───── The data ─────

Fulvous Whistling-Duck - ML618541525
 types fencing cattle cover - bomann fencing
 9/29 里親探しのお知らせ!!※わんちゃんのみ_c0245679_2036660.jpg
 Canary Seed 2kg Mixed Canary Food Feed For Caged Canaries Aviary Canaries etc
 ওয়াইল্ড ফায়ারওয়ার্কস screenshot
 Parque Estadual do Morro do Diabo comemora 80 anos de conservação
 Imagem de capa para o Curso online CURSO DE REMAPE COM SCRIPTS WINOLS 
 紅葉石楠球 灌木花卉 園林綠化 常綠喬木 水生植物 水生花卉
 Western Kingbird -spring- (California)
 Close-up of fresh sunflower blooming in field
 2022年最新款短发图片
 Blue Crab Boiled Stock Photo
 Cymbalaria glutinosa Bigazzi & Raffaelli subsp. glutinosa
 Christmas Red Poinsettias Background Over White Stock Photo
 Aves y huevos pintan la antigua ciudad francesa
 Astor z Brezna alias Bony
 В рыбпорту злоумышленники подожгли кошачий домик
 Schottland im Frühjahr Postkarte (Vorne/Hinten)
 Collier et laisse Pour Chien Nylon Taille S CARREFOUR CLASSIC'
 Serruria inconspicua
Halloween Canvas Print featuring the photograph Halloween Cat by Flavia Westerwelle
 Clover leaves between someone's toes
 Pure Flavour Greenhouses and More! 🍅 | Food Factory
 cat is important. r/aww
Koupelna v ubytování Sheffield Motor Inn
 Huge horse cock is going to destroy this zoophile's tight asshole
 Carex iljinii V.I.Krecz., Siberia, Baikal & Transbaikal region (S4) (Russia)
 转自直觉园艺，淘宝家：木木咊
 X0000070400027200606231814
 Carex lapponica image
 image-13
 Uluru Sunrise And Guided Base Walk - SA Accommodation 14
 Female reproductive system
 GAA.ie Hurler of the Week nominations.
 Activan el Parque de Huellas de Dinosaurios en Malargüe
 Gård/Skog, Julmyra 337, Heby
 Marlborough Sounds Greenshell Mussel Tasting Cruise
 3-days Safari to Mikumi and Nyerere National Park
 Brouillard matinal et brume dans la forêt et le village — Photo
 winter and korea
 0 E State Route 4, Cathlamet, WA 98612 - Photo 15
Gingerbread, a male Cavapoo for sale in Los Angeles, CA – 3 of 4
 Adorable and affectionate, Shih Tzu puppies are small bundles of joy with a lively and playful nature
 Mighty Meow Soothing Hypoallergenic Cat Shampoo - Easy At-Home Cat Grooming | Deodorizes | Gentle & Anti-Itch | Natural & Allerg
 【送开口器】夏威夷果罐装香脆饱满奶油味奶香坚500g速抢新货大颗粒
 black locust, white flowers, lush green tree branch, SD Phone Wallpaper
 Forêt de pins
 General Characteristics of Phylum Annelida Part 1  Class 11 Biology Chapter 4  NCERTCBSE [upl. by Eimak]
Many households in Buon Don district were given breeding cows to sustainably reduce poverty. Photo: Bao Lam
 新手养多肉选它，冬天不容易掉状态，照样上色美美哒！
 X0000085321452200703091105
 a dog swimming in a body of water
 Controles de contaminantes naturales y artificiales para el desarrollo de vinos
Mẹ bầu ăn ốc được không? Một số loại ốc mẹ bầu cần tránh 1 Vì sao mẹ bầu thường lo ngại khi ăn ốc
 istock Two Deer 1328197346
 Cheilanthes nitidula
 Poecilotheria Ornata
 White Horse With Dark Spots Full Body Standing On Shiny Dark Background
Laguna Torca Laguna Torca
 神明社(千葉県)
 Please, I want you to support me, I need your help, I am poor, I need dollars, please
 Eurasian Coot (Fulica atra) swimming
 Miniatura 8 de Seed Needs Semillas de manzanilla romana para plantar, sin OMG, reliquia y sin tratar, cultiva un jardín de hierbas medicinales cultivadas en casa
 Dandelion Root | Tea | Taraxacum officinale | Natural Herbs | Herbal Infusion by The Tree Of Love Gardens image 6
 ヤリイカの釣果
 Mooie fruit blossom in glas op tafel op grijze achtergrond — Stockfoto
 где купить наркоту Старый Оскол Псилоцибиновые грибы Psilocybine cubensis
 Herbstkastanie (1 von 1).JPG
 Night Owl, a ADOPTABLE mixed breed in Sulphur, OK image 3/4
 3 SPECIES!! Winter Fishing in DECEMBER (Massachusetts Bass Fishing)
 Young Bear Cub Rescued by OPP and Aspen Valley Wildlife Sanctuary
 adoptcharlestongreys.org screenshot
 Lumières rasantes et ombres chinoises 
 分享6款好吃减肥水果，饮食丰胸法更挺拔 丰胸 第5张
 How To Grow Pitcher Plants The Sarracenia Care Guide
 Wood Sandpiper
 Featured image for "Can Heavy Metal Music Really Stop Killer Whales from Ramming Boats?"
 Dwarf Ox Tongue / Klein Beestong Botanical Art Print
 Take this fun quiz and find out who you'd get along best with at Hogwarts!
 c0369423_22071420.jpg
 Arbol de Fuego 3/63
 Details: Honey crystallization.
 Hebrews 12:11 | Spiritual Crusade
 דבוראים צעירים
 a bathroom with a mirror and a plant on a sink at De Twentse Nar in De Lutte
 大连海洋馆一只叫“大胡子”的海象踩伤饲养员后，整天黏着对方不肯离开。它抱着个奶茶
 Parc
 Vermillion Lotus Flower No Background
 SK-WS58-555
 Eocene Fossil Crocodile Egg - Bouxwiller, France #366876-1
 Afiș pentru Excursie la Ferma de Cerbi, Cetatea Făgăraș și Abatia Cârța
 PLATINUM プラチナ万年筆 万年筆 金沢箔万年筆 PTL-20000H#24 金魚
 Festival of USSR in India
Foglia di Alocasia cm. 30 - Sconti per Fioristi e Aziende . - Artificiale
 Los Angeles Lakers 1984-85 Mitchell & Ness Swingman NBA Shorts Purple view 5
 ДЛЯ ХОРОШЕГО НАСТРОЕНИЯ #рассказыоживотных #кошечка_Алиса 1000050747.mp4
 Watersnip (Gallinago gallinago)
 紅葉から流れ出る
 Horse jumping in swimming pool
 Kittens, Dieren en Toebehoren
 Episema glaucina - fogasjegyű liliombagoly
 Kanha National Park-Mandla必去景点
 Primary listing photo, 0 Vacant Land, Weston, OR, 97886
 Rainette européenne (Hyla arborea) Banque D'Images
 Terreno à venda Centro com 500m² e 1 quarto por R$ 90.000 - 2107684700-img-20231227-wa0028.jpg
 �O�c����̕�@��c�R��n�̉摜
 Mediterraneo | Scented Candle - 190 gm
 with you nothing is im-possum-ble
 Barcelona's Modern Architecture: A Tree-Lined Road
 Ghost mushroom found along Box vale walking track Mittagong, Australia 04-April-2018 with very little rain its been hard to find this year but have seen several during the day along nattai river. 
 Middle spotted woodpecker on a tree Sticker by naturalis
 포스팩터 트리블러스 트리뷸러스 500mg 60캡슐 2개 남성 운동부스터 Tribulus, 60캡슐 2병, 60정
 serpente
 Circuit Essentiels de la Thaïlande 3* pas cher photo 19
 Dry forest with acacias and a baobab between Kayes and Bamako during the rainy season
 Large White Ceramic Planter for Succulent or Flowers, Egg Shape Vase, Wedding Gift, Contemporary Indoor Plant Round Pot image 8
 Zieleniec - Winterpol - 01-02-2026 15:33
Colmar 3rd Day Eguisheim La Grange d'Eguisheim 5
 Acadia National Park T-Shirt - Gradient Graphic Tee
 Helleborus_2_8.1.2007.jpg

─────

• What to do:
In full and exactly, transcribe the material above.

• Exercise output:
Fulvous Whistling-Duck - ML618541525
 types fencing cattle cover - bomann fencing
 9/29 里親探しのお知らせ!!※わんちゃんのみ_c0245679_2036660.jpg
 Canary Seed 2kg Mixed Canary Food Feed For Caged Canaries Aviary Canaries etc
 ওয়াইল্ড ফায়ারওয়ার্কস screenshot
 Parque Estadual do Morro do Diabo comemora 80 anos de conservação
 Imagem de capa para o Curso online CURSO DE REMAPE COM SCRIPTS WINOLS 
 紅葉石楠球 灌木花卉 園林綠化 常綠喬木 水生植物 水生花卉
 Western Kingbird -spring- (California)
 Close-up of fresh sunflower blooming in field
 2022年最新款短发图片
 Blue Crab Boiled Stock Photo
 Cymbalaria glutinosa Bigazzi & Raffaelli subsp. glutinosa
 Christmas Red Poinsettias Background Over White Stock Photo
 Aves y huevos pintan la antigua ciudad francesa
 Astor z Brezna alias Bony
 В рыбпорту злоумышленники подожгли кошачий домик
 Schottland im Frühjahr Postkarte (Vorne/Hinten)
 Collier et laisse Pour Chien Nylon Taille S CARREFOUR CLASSIC'
 Serruria inconspicua
Halloween Canvas Print featuring the photograph Halloween Cat by Flavia Westerwelle
 Clover leaves between someone's toes
 Pure Flavour Greenhouses and More! 🍅 | Food Factory
 cat is important. r/aww
Koupelna v ubytování Sheffield Motor Inn
 Huge horse cock is going to destroy this zoophile's tight asshole
 Carex iljinii V.I.Krecz., Siberia, Baikal & Transbaikal region (S4) (Russia)
 转自直觉园艺，淘宝家：木木咊
 X0000070400027200606231814
 Carex lapponica image
 image-13
 Uluru Sunrise And Guided Base Walk - SA Accommodation 14
 Female reproductive system
 GAA.ie Hurler of the Week nominations.
 Activan el Parque de Huellas de Dinosaurios en Malargüe
 Gård/Skog, Julmyra 337, Heby
 Marlborough Sounds Greenshell Mussel Tasting Cruise
 3-days Safari to Mikumi and Nyerere National Park
 Brouillard matinal et brume dans la forêt et le village — Photo
 winter and korea
 0 E State Route 4, Cathlamet, WA 98612 - Photo 15
Gingerbread, a male Cavapoo for sale in Los Angeles, CA – 3 of 4
 Adorable and affectionate, Shih Tzu puppies are small bundles of joy with a lively and playful nature
 Mighty Meow Soothing Hypoallergenic Cat Shampoo - Easy At-Home Cat Grooming | Deodorizes | Gentle & Anti-Itch | Natural & Allerg
 【送开口器】夏威夷果罐装香脆饱满奶油味奶香坚500g速抢新货大颗粒
 black locust, white flowers, lush green tree branch, SD Phone Wallpaper
 Forêt de pins
 General Characteristics of Phylum Annelida Part 1  Class 11 Biology Chapter 4  NCERTCBSE [upl. by Eimak]
Many households in Buon Don district were given breeding cows to sustainably reduce poverty. Photo: Bao Lam
 新手养多肉选它，冬天不容易掉状态，照样上色美美哒！
 X0000085321452200703091105
 a dog swimming in a body of water
 Controles de contaminantes naturales y artificiales para el desarrollo de vinos
Mẹ bầu ăn ốc được không? Một số loại ốc mẹ bầu cần tránh 1 Vì sao mẹ bầu thường lo ngại khi ăn ốc
 istock Two Deer 1328197346
 Cheilanthes nitidula
 Poecilotheria Ornata
 White Horse With Dark Spots Full Body Standing On Shiny Dark Background
Laguna Torca Laguna Torca
 神明社(千葉県)
 Please, I want you to support me, I need your help, I am poor, I need dollars, please
 Eurasian Coot (Fulica atra) swimming
 Miniatura 8 de Seed Needs Semillas de manzanilla romana para plantar, sin OMG, reliquia y sin tratar, cultiva un jardín de hierbas medicinales cultivadas en casa
 Dandelion Root | Tea | Taraxacum officinale | Natural Herbs | Herbal Infusion by The Tree Of Love Gardens image 6
 ヤリイカの釣果
 Mooie fruit blossom in glas op tafel op grijze achtergrond — Stockfoto
 где купить наркоту Старый Оскол Псилоцибиновые грибы Psilocybine cubensis
 Herbstkastanie (1 von 1).JPG
 Night Owl, a ADOPTABLE mixed breed in Sulphur, OK image 3/4
 3 SPECIES!! Winter Fishing in DECEMBER (Massachusetts Bass Fishing)
 Young Bear Cub Rescued by OPP and Aspen Valley Wildlife Sanctuary
 adoptcharlestongreys.org screenshot
 Lumières rasantes et ombres chinoises 
 分享6款好吃减肥水果，饮食丰胸法更挺拔 丰胸 第5张
 How To Grow Pitcher Plants The Sarracenia Care Guide
 Wood Sandpiper
 Featured image for "Can Heavy Metal Music Really Stop Killer Whales from Ramming Boats?"
 Dwarf Ox Tongue / Klein Beestong Botanical Art Print
 Take this fun quiz and find out who you'd get along best with at Hogwarts!
 c0369423_22071420.jpg
 Arbol de Fuego 3/63
 Details: Honey crystallization.
 Hebrews 12:11 | Spiritual Crusade
 דבוראים צעירים
 a bathroom with a mirror and a plant on a sink at De Twentse Nar in De Lutte
 大连海洋馆一只叫“大胡子”的海象踩伤饲养员后，整天黏着对方不肯离开。它抱着个奶茶
 Parc
 Vermillion Lotus Flower No Background
 SK-WS58-555
 Eocene Fossil Crocodile Egg - Bouxwiller, France #366876-1
 Afiș pentru Excursie la Ferma de Cerbi, Cetatea Făgăraș și Abatia Cârța
 PLATINUM プラチナ万年筆 万年筆 金沢箔万年筆 PTL-20000H#24 金魚
 Festival of USSR in India
Foglia di Alocasia cm. 30 - Sconti per Fioristi e Aziende . - Artificiale
 Los Angeles Lakers 1984-85 Mitchell & Ness Swingman NBA Shorts Purple view 5
 ДЛЯ ХОРОШЕГО НАСТРОЕНИЯ #рассказыоживотных #кошечка_Алиса 1000050747.mp4
 Watersnip (Gallinago gallinago)
 紅葉から流れ出る
 Horse jumping in swimming pool
 Kittens, Dieren en Toebehoren
 Episema glaucina - fogasjegyű liliombagoly
 Kanha National Park-Mandla必去景点
 Primary listing photo, 0 Vacant Land, Weston, OR, 97886
 Rainette européenne (Hyla arborea) Banque D'Images
 Terreno à venda Centro com 500m² e 1 quarto por R$ 90.000 - 2107684700-img-20231227-wa0028.jpg
 �O�c����̕�@��c�R��n�̉摜
 Mediterraneo | Scented Candle - 190 gm
 with you nothing is im-possum-ble
 Barcelona's Modern Architecture: A Tree-Lined Road
 Ghost mushroom found along Box vale walking track Mittagong, Australia 04-April-2018 with very little rain its been hard to find this year but have seen several during the day along nattai river. 
 Middle spotted woodpecker on a tree Sticker by naturalis
 포스팩터 트리블러스 트리뷸러스 500mg 60캡슐 2개 남성 운동부스터 Tribulus, 60캡슐 2병, 60정
 serpente
 Circuit Essentiels de la Thaïlande 3* pas cher photo 19
 Dry forest with acacias and a baobab between Kayes and Bamako during the rainy season
 Large White Ceramic Planter for Succulent or Flowers, Egg Shape Vase, Wedding Gift, Contemporary Indoor Plant Round Pot image 8
 Zieleniec - Winterpol - 01-02-2026 15:33
Colmar 3rd Day Eguisheim La Grange d'Eguisheim 5
 Acadia National Park T-Shirt - Gradient Graphic Tee
 Helleborus_2_8.1.2007.jpg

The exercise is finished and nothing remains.